と思う、なんて他人行儀で始めた話。仕方ないんだ、自覚せずこうなりたいみたいな、これは憧れの話だからな。


「俺の根っこの部分はそう、人見知りの1人好きだ。まずそこは周知だと思うんだが?」


「嘘くせえ!」


「ますます分からないぞ。」


「どこが周知だと……」


「っかしいなぁ~。ようは昔はこんなじゃなかったんだよ、俺とて心を閉ざした幼子の時代があるわけ。」


誰にもとは言わないさ。ただ一部今明るい奴も、昔は暗い時代があったくらいの話。俺別に明るくねえけど。


「あっさり話してやるさ。俺は小学生の時は内気なもんで、話題に混じるのも友達作りも0点だった。今となっちゃどれくらいか覚えてないが、俺個人は別に悪くなかったさ。」


そう、俺は決して悲観してなかった。周りから見れば可哀想な子だろう、だが昔から1人でいるのは好きだった。無理に世界を広げるより、知ってる世界を深く掘る方が楽しかったし。


「そうして1人でずっといた。あの時は本の虫でよ、登校してから寝るまで一冊や二冊読んでた。放課後も休みの日も図書館に寄ってた。遊び盛りの子供達の中で、俺は物語の世界にハマってた。以外だろ?」


話の登場人物に魅了されていた。彼らには芯があり、様々な人と交流して何かを成し遂げていた。存在しない魔法や有り得ない怪物たち、青春を送ったり難解な事件を解き明かす者達。

全てがキラキラして見えた……だから喜んで多くを吸収していた。


「読めたぞ!つまり主人公になりたくてだ!」


「なんだ進士、お前もこちら側の素質ありじゃないか!」


「津原が……本の、虫?自分は夢を見てるのか?」


「だが順調にはいかなかった。先生に放課後呼ばれてな、何か嫌なことでもあったのか?って。本人には言い出しにくい何かがあるって。そんな大人達のやり取りに、俺は……そうだな、冷めちまったよ。」


先生はクラスでいじめがあったら、問題が起きたら何が起きるかを心配していたんだろう。俺は貴重な時間を邪魔された、目の前の大人は何を知っているんだと。子供ながら、ずいぶんバカな頭だと思うが。
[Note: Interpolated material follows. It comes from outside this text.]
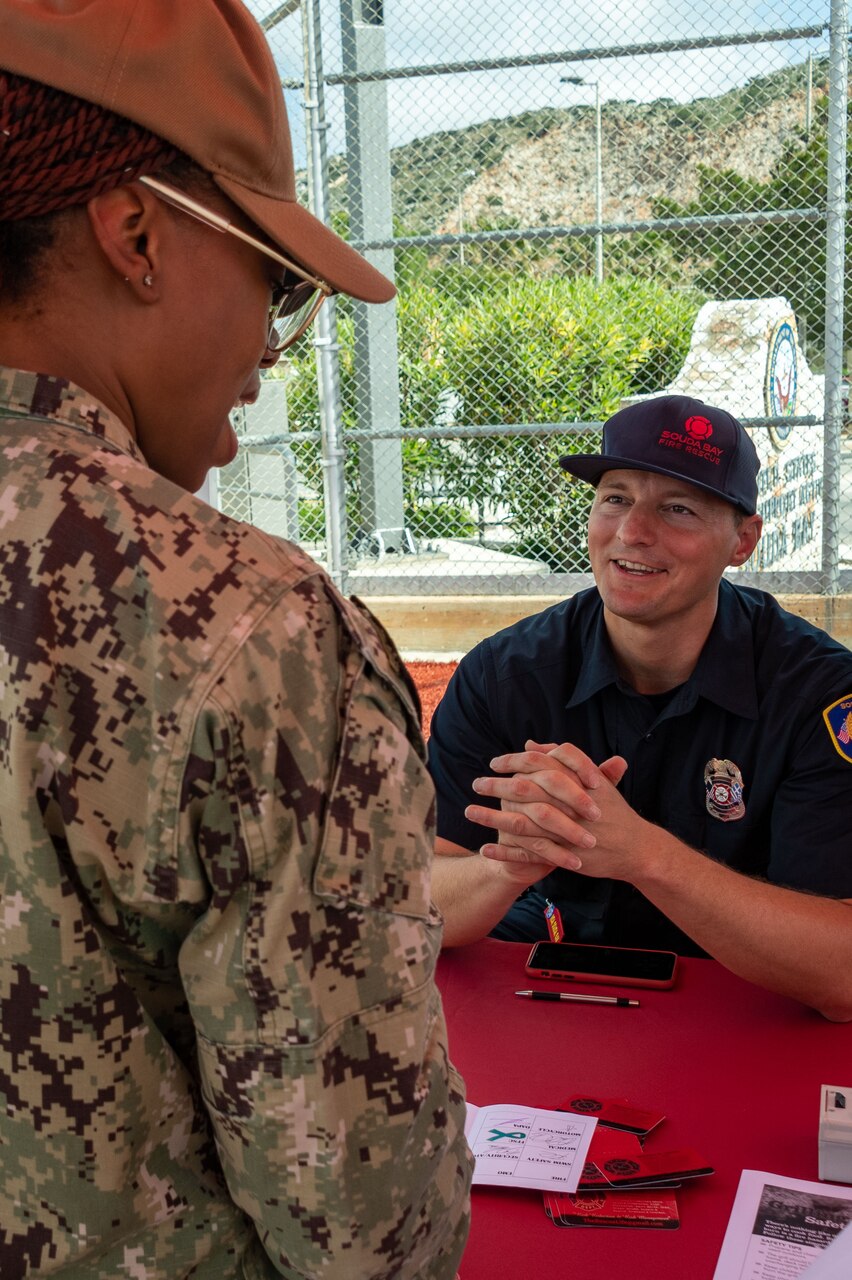 Fireman Matthew Labrise, Naval Support Activity (NSA) Souda Bay, talks about the importance of knowing the proper CPR techniques during a Summer Safety Stand Down event hosted by the NSA Souda Bay Safety Office at the base softball field on May 12, 2023. Sailors and civilian employees participated in the safety stand down by attending multiple resource stations to learn how to stay safe while participating in summertime activities.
「ちゃんと学校には通ったさ。だが本とにらめっこ、そのまま卒業するとばかり思ってたんだがな……事実は小説より奇なりって言葉が、突然俺にも降ってきた。ここからが、お前らの知りたい部分だろ。」


「じゃあ前半いらねえな!」


「ストーリーはオチだけじゃ盛り上がらん、このくらいの密度が良いんだろうが。」


「本当に読み聞かせを聞いてる気分だ、有り得なさすぎる。」


「良いじゃねえかよた話だと思えば。俺としてもその方が、冗談だと全部ひっくり返せるからな。」


まあ全部本当の事だけど、いつか嘘でーす!て驚かせてやる。


「んである日、本を読む俺にしつこく話しかけてくる奴がいた。学年が変わる度に、本ばかりの俺に興味で話しかけてくる奴はいたさ。だがその時の俺は本より大事なもの、思い付かないレベルの重症でな。返事するより、一ページ先を見たかった。」


正直めちゃくちゃ受けが悪かったはず。だって一日目から全拒否だもん、からかってくる奴もいたが……ああいうのは反応しなきゃ飽きるもんでして。 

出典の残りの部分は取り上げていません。